Historical Fiction by Century, Part I

The other day I amused myself by coming up with a list of my favorite historical fiction books set during each century. It was an interesting project. Some centuries were overflowing with books that I loved. Some were completely bare--I couldn't think of any books I had read that were set during that time period. Here is the first installment of that list. Feel free to comment with your favorites and note the time period in which they occur.


Before Christ

The King Must Die 
by Mary Renault 
Retelling of the story of Theseus in ancient Greece and Crete. Very interesting portrayal of fertility cult worship and how the king was expected to give his life to renew the life of the ground and of his people.


Till We Have Faces 
by C. S. Lewis

Retelling of the myth of Cupid and Psyche in Asia Minor. Also an interesting portrayal of fertility cult worship set in the context of a Christian allegory.

Anno Domini
First Century

Ben Hur: A Tale of the Christ
by Lew Wallace
Story of a wealthy, first-century Jewish prince, his persecution at the hands of the Romans, and how his life was changed through interaction with Christ. Even more epic than the epic movie based on it.


Second Century


The Mark of the Horse Lord
by Rosemary Sutcliff
An ex-gladiator masquerades as the king of a Celtic tribe in Roman-occupied Britain, ends up adopting the people as his own, and learns what it really means to be a king.

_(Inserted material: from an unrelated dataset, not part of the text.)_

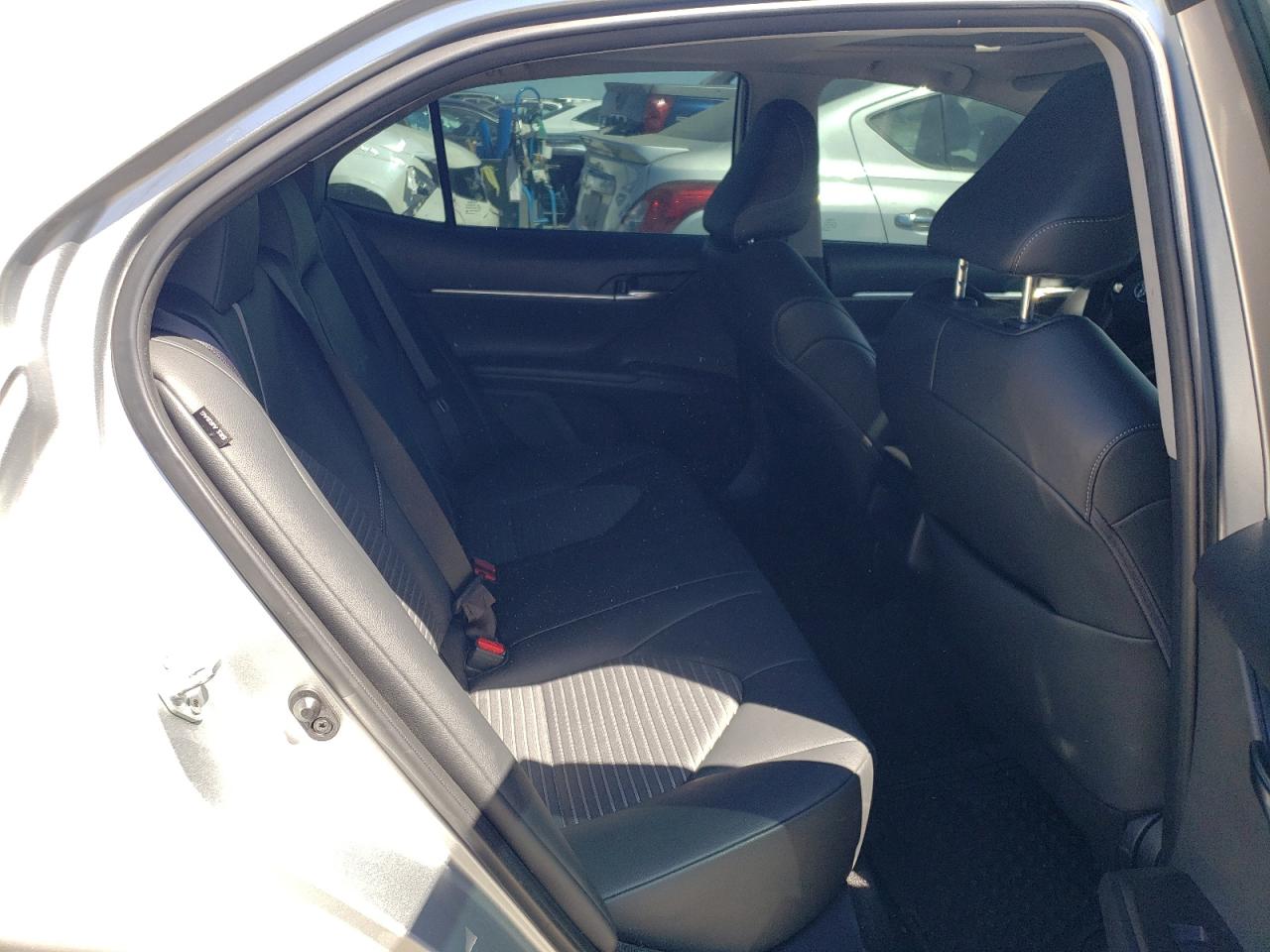 4T1T11AK0NU061652 2022 Toyota Camry Se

Second Century Runner-Up: The Eagle of the Ninth, by Rosemary Sutcliff

Third Century

This was one of those empty centuries--I was unable to think of a good book that fit here. Do you have any favorites set during this time period?

Fourth Century

Frontier Wolf, by Rosemary Sutcliff
Another great book by Sutcliff, this one about a Roman centurion who must keep the peace with the British border tribes and keep from making the same shameful mistake that clouded his past.

Fifth Century

The Lantern Bearers, by Rosemary Sutcliff
Sutcliff again here--are you noticing a trend? When the legions pull out of Britain, a young Roman stays behind to face the Saxon hordes and his own bitterness. Provides a glimpse of what the real "historical" King Arthur might have been like.

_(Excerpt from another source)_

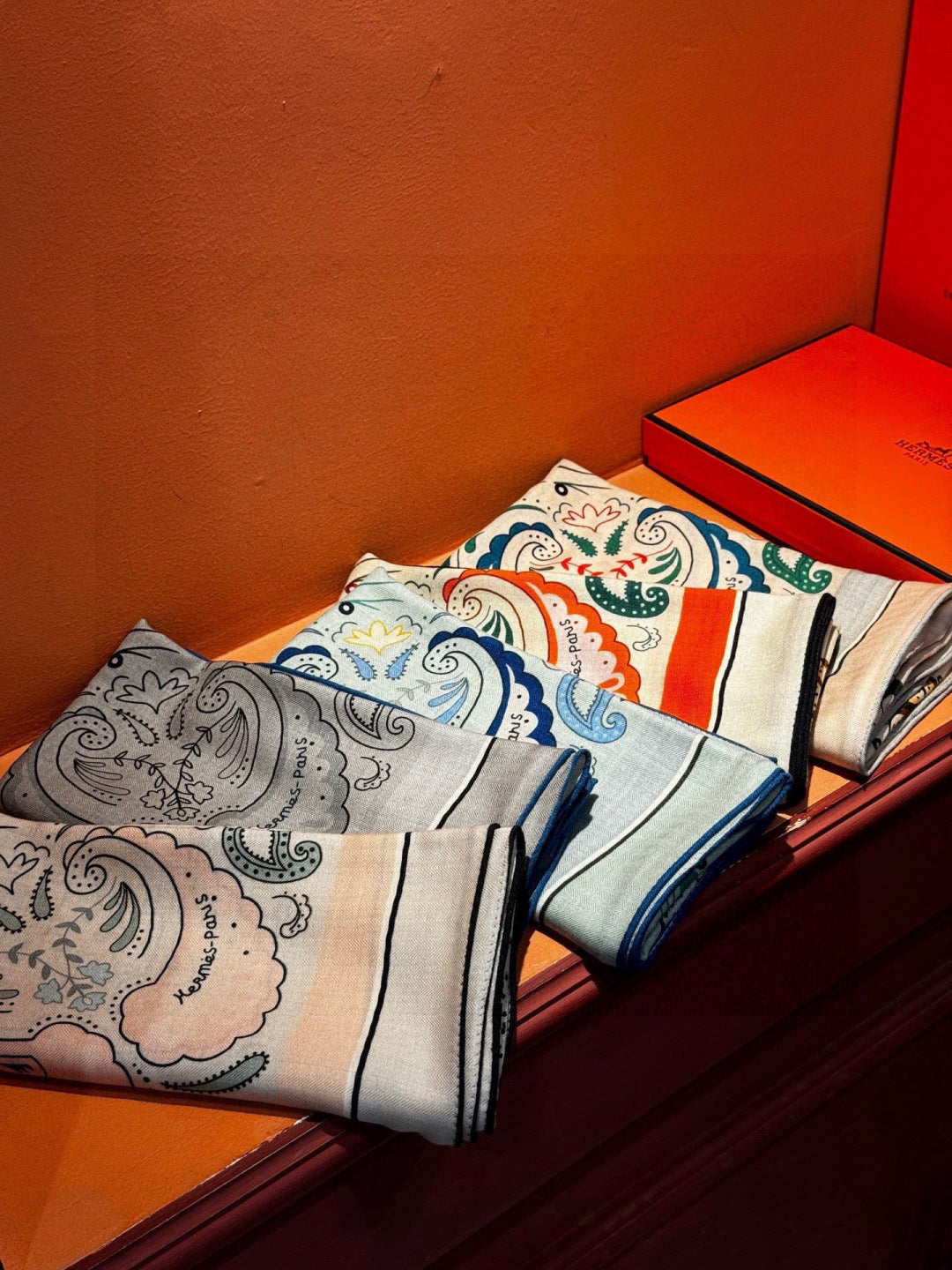 HM 25s Jungle Love Scarf 140cm Light Blue Cashmere 976286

Sixth, Seventh, and Eighth Centuries

These centuries were very hard for me to fill. Yes, there are more Sutcliff books I could stick here, but to be honest, I can't really consider them my favorites. I have a book on my Amazon Wish List set during this time period--Paths of Exile, by Carla Nayland--but I haven't read it yet, so I can't judge its merits. I googled some historical fiction lists to see if there were some great books out there that I was missing. There weren't. These centuries seem to be a great void for historical fiction, which is sad because someone could take some of the stories from the Venerable Bede and turn them into a top-notch novel. Maybe that should be my next project, once I finish my novels about the First Crusade.

Stay tuned for more posts to finish out this list. Don't forget to comment and share your favorites from Before Christ or from the first through eighth centuries Anno Domini.

5 comments:

  1. Hmmm, we were just talking about historical fiction in the car the other day. I guess I should check out Sutcliff! Have you read the Silver Chalice by Costain? I really enjoyed that one. It's set, if I remember correctly, right after Christ.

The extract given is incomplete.